The "Harrison" being addressed in this letter is my cousin BOB HARRISON of Indiana.  Thanks to his efforts we received the CSLNotice-1530 and the CSL/CSP Instruction-1552.

Thanks Cuz
Sid Harrison 

Now read on.

DEPARTMENT OF THE NAVY Commander Submarine Force U.S. Atlantic Fleet
7958 Blandy Road Norfolk, VA. 23551-2492 5863 Ser N021GA/01017
Feb 3, 1998

The Honorable Dan Burton House of Representatives 2185 Rayburn Building Washington, DC 20515-1406

Dear Mr. Burton,

This is in response to your letter of January 7, 1998, regarding a letter from your constituent, Robert L. Harrison.

Mr. Harrison expressed concern regarding the policy of awarding submarine enlisted dolphins to midshipmen who qualify during their summer cruise. I would like to take this opportunity to provide you the background and facts concerning the Submarine Force's policy concerning midshipmen earning silver dolphins. I can assure you that the policy of allowing selected midshipmen to attempt to complete enlisted submarine qualification has been carefully reviewed and approved at the highest levels of Submarine Force leadership including our senior enlisted leadership.

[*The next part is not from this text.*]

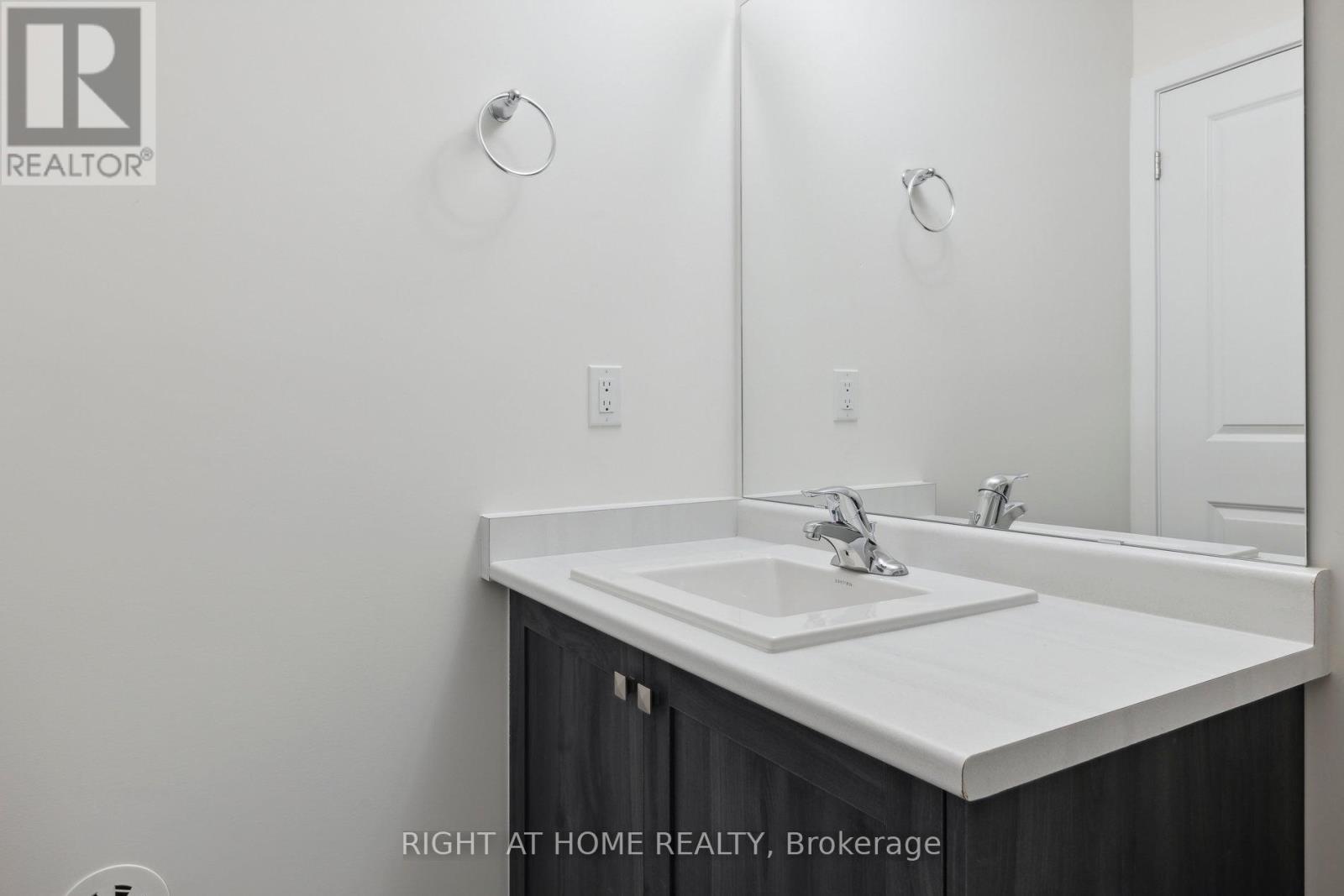 (Upper) - 20 Lively Way, Whitby, Ontario  L1R 0S3 - Photo 11 - E12398969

Each year over 400 midshipmen from both the Naval Academy and NROTC units (Juniors and seniors) participate in summer training cruises aboard submarines. These cruises range in length from 25 to 70 days. The objective of this training program is to further the professional development of midshipmen, by introducing them to the operational Navy, reinforcing their academic year programs, instilling a sense of pride in their identification with the Navy, and inclining them toward careers in the naval service. Utilizing guidance from the Chief of Naval Education and Training, the United States Naval Academy, and the submarine type commanders, each submarine is responsible for developing a program that meets the above objectives.

The issue of allowing midshipmen the opportunity to earn enlisted dolphins during their summer cruise is specifically addressed in the guidance provided by the submarine type commanders, and is not a new policy. In fact, midshipmen have been given this opportunity as far back as my staff and I can remember. This policy is reviewed annually prior to the start of midshipmen summer training. The current guidance states that:

"Awarding of silver dolphins is approved for all midshipmen who satisfactorily complete all current requirements for enlisted submarine qualification (less time on board). However, each midshipman must be aware of the importance that the Submarine Force places on submarine qualification. The decision to allow midshipmen to attempt enlisted submarine qualification, if they so desire, should be made by the Commanding Officer when the cruise affords a reasonable opportunity to achieve this goal. The usual high standards of qualification must be maintained for midshipmen who attempt to qualify."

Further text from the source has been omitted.